平成29年に地裁判決がありその控訴結果です。一審被告は結婚式場運営会社(A社としましょう)。そこで勤務し、営業並びにウエディングプランナー業務に従事する社員に支払われる職能手当は、「時間外割増、休日割増もしくは深夜割増として支給する手当」と定義されており「約87時間分の時間外労働等の対価相当額」となっているというものです。
A社の職能手当は、世間では固定時間外手当とか定額残業代と言われるもので、要は、その月の残業等が87時間相当額を超える場合はその超過する残業代等が追加に支給されるが、その月の残業等が87時間相当額未満の場合はこの職能手当は減額されずに定額として固定的に支給されるという体系です。

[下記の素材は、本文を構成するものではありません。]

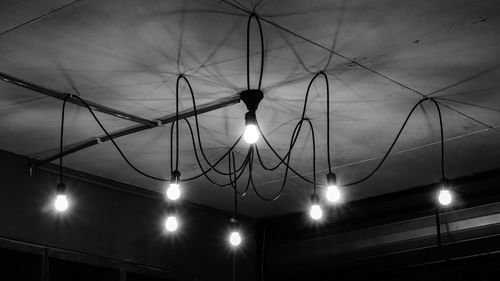 Low angle view of illuminated lamp against sky at night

定額残業代についてはすでに最高裁で、通常の労働の賃金に当たる部分と割増賃金に当たる部分が判別でき、かつその割増賃金が労基法第37条を下回らないという枠組みは容認されています。
今回は、「確かに、月約87時間は、平成10年12月28日労働省告示第154号所定の月45時間を超えるものであるが、雇用契約に対して強行的補充的効力を有するものではない上、本件特約は、時間外労働等があった場合に発生する時間外割増賃金等として支払う額を合意したものであって、約87時間分の法定時間外労働を義務づけるものではない。」としています。
まっとうな判断です。何も、45時間を超える固定時間外手当を導入したからと言って、会社が社員に45時間を超える残業を義務付けているものではありません。ただし、緊急対応等でやむを得ない場合には45時間を大きく超える残業をしなければならない事態を想定して、そのような場合でも残業代をできるだけ変動費化せずに済めば、企業としてはありがたいものです。資金繰りの安定化には寄与するはずです。ご存知の通り欧米では、いわゆるホワイトカラー職種に残業代は支給しません。日本でも今年の4月から高度プロフェッショナル制度が導入され、一部の職種については残業代の支給は不要となりましたが、その適用範囲はあまりにも限定されており、実際のところ大半の企業ではほとんど利用できません。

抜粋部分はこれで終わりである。